Windows .NET-based applications are not native to this environment. If you want to enjoy the monitoring and management benefits, you will have to use a non-.NET language.
Database solutions are very limited either in capacity and version or in manageability.
Deciding whether to use cloud computing is not an easy decision. It will affect your application design and development environment. I can give you some pointers for consideration:
CDN or Cloud?
Downloads require a lot of bandwidth. You will probably want a redundant network (which costs a lot of money), and there is always an issue of being close to your users (which requires multiple locations).
In order to solve these issues, you’re probably using some kind of a CDN solution. If your total download is not in terabytes, I recommend looking into a cloud solution such as Amazon S3. Pay per usage has a huge advantage (I’m talking about thousands of dollars per year) over buying a minimal quota package per month from major CDN providers.
If you are a new company, requiring just a few dedicated servers, including load balancing, buying, and hosting a server - a managed dedicated solution will cost you $1,000-$1,500 per month per server. Each cloud server is about $200-$500 and you only pay for what you use.
The key benefit is the ability to scale up in a matter of hours and not days or weeks. And it’s important to place your servers close to your users, no matter where they are in the world.
If you require a simple DB service with storage requirements lower than 10GB, and the number of hits on your server per second is in the low thousands, finding an adequate SQL Server or MySQL solution should not be a problem. Your solution will enjoy high availability and be redundant.
Back to the Future - 2021 Update
This was my original blog post from 2009. So much has changed since. Here is a brief update about cloud computing today:
In many cases, scaling up and down is a matter of seconds, not hours. For some cloud services, such as Azure Synapse Analytics, you can also scale out. Some cloud services offer auto-scaling or a serverless model, in which you don't even need to take care of scaling. Everything is done automatically.
Provisioning of new servers or services is also a lot faster than 12 years ago. You can spin up a bunch of servers within minutes. You can do it manually through the portal or programmatically through cloud shells and other scripting languages of your choice (e.g. PowerShell).
High availability is a lot higher than before. All cloud providers give you a clear SLA for each service, and you can use availability features, such as Availability Sets and Ge-Redundant Replication, to comply with your availability requirements.
Today, the world is full of data centers, and you can choose how to distribute your services and your data according to latency and regulatory requirements. Azure, for example, has more than 160 data centers in more than 60 regions across the world. And a new data center in Israel is coming soon. This gives you a lot of flexibility.

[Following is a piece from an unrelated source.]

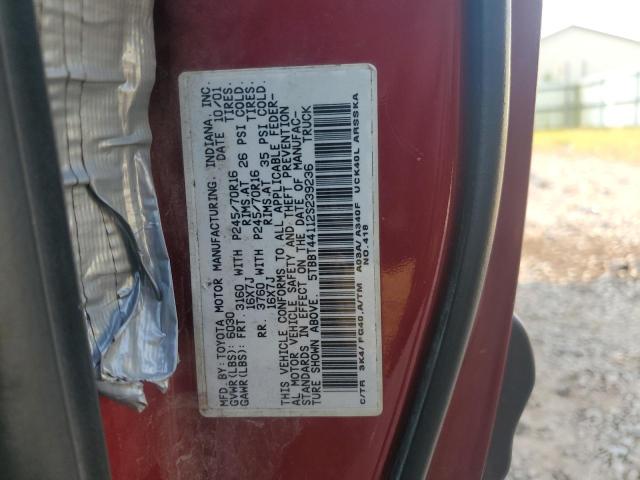 Photo 11 VIN: 5TBBT44112S239236 - TOYOTA TUNDRA ACC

Security is a top priority of all cloud providers. It used to be a concern to put your data in the cloud, but today it's clear that you will never get the same level of security in your own data center compared to what you get in the cloud. Cloud providers adhere to all the latest security regulations, such as HIPPA, PCI DSS, and GDPR. And you get built-in services, such as Threat Protection and DDoS Protection.
Today, .NET is fully compatible with the cloud, as well as any other language or programming platform. And there are many tools and IDEs, such as Visual Studio Code and Azure Data Studio, that make it easy to develop cloud-first applications.
Did you say Database? There are so many options to choose from. You can choose IaaS (e.g. SQL Server on Azure VM) or PaaS (e.g. Azure SQL Database). You can choose different service tiers, such as General-Purpose, Business-Critical, or Serverless. You can choose between various managed database platforms, such as SQL Server, PostgreSQL, and MySQL. And you get so many features and services out of the box.